The point is that this is not
only a way of relating to God; it is a way of relating to any elusive,
challenging reality—which is to say, any reality, since the real is never also
the simple. It is, most importantly, a way, perhaps The Way, of reading. It is
when we latch onto an author who troubles us, who seems indeed to threaten or
menace our very selves (i.e., our self-understandings) or to race forever
beyond the range of our understanding, an author who appears to us as unreadable, and when we refuse to let go of that author until
we have met—and been remade by—the reality of her, the fullness of her voice,
that we have attainted to true reading.
If
we understand reading this way (that is to say, if once we have read in this way, and been transformed) we can begin
to see that, rather than being a virtue, efficiency of information transport
can actually get in the way of the fullest experience of reading, by allowing
the reader to internalize a stock of objective factual information[4]

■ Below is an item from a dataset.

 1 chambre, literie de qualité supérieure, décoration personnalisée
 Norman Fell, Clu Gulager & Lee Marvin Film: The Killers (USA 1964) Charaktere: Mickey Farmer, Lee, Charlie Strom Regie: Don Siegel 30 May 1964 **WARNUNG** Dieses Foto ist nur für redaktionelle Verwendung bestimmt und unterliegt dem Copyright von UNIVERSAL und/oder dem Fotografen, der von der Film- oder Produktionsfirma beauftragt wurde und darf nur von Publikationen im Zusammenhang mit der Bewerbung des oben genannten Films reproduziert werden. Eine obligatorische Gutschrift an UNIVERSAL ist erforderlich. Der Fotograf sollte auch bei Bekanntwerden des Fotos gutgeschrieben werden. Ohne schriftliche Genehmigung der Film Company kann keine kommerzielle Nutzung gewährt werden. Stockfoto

without ever taking it personally—without
having to stop and endure the wearying struggle for understanding.
Now, it should not be thought
that this is merely a simple value reversal. It would be ridiculous to say
that, instead of desiring that our writing and reading be as efficient as
possible, they be as inefficient as possible. It is to say that a degree,
perhaps a considerable degree, of inefficiency is necessary—though not sufficient—for real reading. Nor is it to say
that all reading could or should be so intense. On the contrary, functional
literacy would be unattainable for one who could only read this way all the
time. But the most important, most valuable readings are, at least in my
experience, like this.
Now, armed with the necessary metaphor, we may come a step closer to the heart of it. To put things rather too simply, what I mean is this: that value in reading and writing should be derived from, indeed should be the extent to which the act of reading or writing brings us into contact with reality.
It is with considerable angst that I allow myself to use the word I mean—reality—because the risk is so great of being misunderstood, of being understood easily and wrongly, of being read poorly. The reason I placed the metaphor first and made it a condition of moving on to this more explicit articulation is not that it makes reading easier or apprehension quicker, but because, perhaps counterintuitively, the explicit statement is open to broader interpretation. “Reality,” being one of those mighty words by which philosophies rise and fall, has many meanings, but I mean it only in those ways which fit the previous discussion of Harding’s metaphor. Jacob’s wrestling match is the essential limit of all readings I will accept of the statement that value in reading and writing should be the extent to which the act of reading or writing brings us into contact with reality. Most particularly, I do not mean that a piece of writing is valuable because it is true, at least so far as truth is taken to mean “factual accuracy” or “the right answer.” Much writing is valuable which is highly inaccurate, much is of little value that expresses undisputed facts.
So what do I mean by reality? My intent is to use the term as Simone Weil uses it.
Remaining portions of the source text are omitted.